Tanka on Tuesday, Feb. '21



I resist

ways she might shape me

into herself –

then someone tells me

‘You’re so like your mother!’


2/2/21



phone-calls

with an old friend –

lately

when he talks politics

I change the subject

9/2/21 


just four today

in the healing circle —

two old women

one small black-and-white dog

one life-like baby doll


we send healing

to all the animals

all living things

and to one new infant

struggling to keep breathing


16/2/21



night noises –

I put a tiny gecko

back outside

(whew!) then all alone I find

an unknown book on my bed


23/2/21


What's Tanka on Tuesday? See here.

Sharing with Writers' Pantry #60 at Poets and Storytellers United.  

Rescue Cat: Online Photo

Rescue Cat: Online Photo




















I can’t have another cat, I say to myself with resolve.

I want
to be responsible.

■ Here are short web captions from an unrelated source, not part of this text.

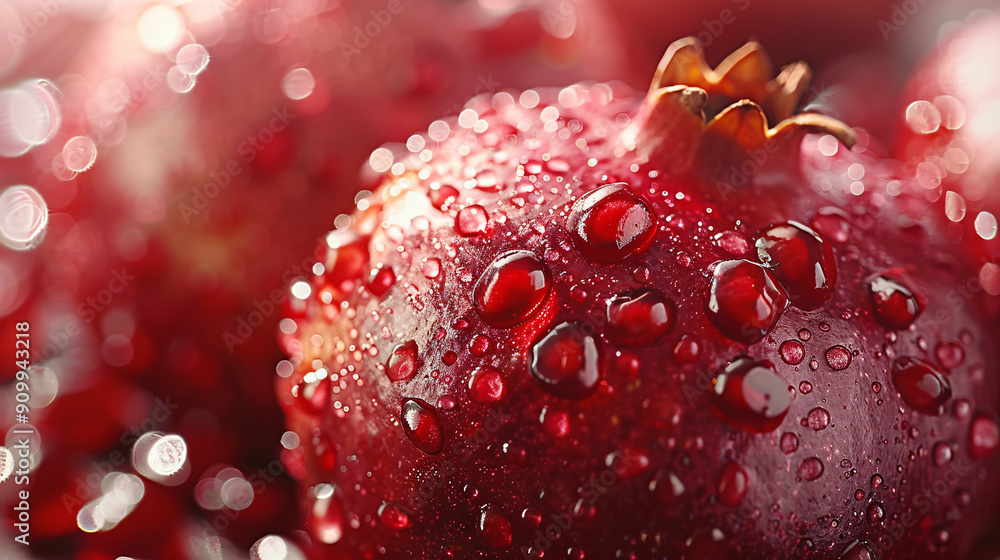Fresh pomegranate close-up with water drop Fresh pomegranate close-up with water drop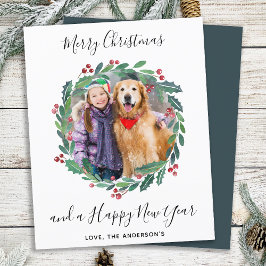 Budget Moderne Greenery Wreate kerstfotokaart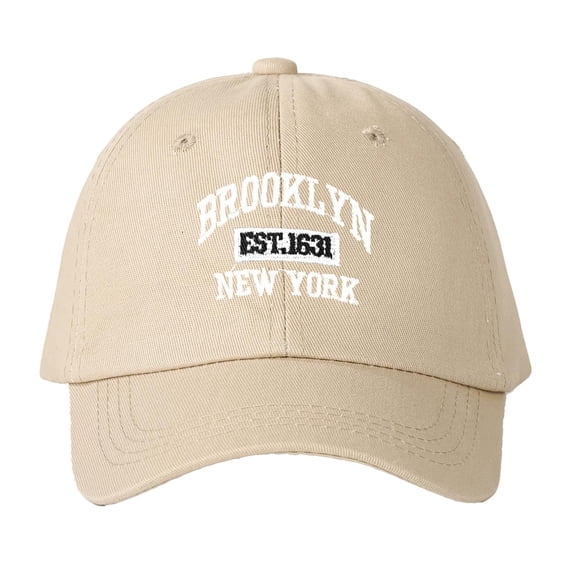 Womens Letter Embroidered Baseball Cap Soft Top Face Design Sunshade Adjustable Dad Hat for Lady Khaki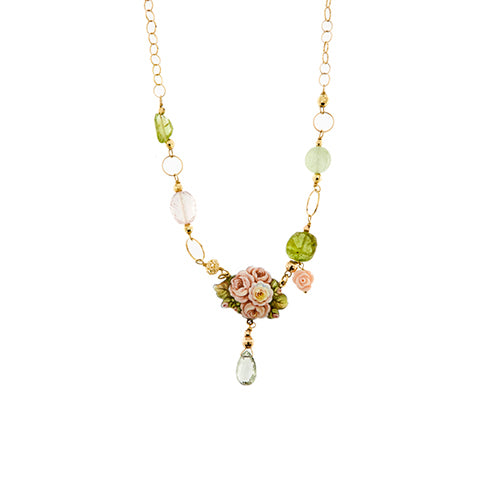 Gabriella Rivalta - Collier fleur émaillée en or jaune, corail et gemmes 58 Facettes 36331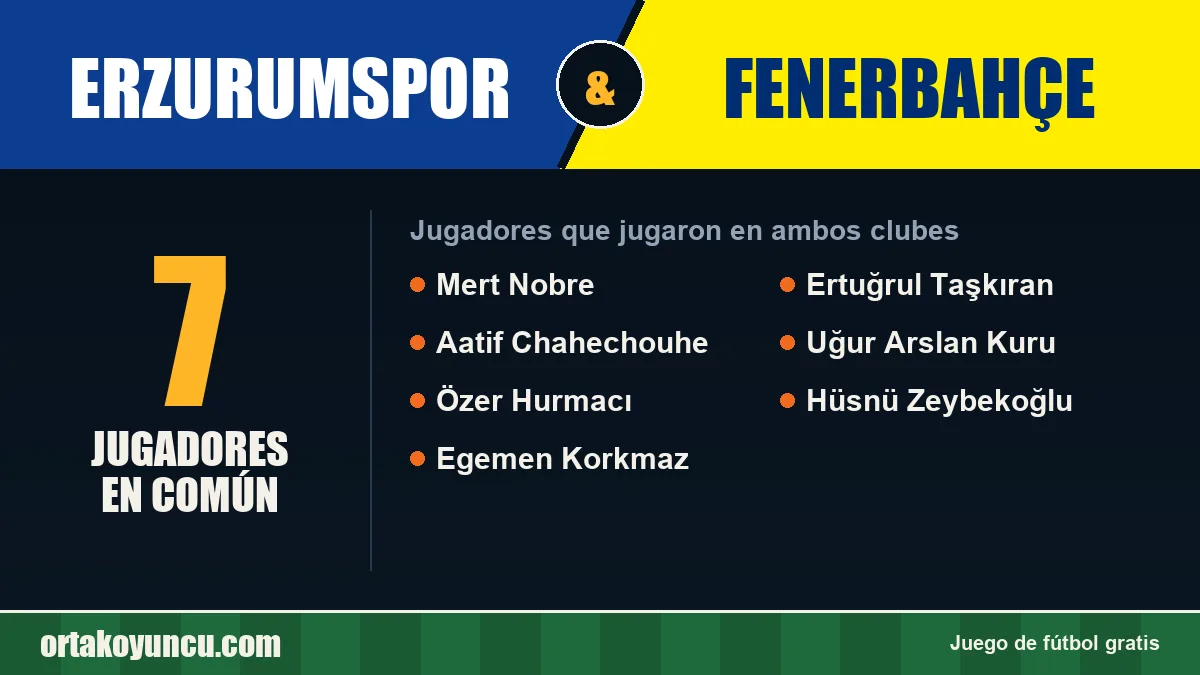 Jugadores que jugaron en Erzurumspor y Fenerbahçe: 7 jugadores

I’m too old and unwell to care for
this cat:
he deserves better, this calm-faced, strokably sleek
black cat
gazing from the screen as if directly at me, imploring,
gold-eyed …
Just think of the expense! I tell myself. Reluctantly,
I do.


This is written for Weekly Scribblings #58: Two Into One Will Go, at Poets and Storytellers United. The form is a Waltmarie, created by Candace Kubinec: 10 lines, the even lines of two syllables, the others whatever you like.  The even lines form a poem within a poem, telling their own story. It's harder than you might think!





19.2.21

NaHaiWriMo 2021, Days 15-21

NaHaiWriMo 2021, Days 15-21

(responding to prompts at the NaHaiWriMo group on facebook)










Day 15: One

after 10 years

our one frangipani

covers the wall


 

Day 16: Vertigo


your dead voice

whispers in my ear –

everything spins



Day 17: Beautiful Day


cool wet summer –

beautiful weather

with no bushfires

 


Day 18: Pride

all my cats
prowled stalked pounced and lolled
as lions



Day 19: With or Without You


dear facebook

surprise! – you’re not the only

source of news


[Aussies can no longer see Australian

news on fb. They’re punishing us for our 

Govt's attempts to enforce copyright fees.]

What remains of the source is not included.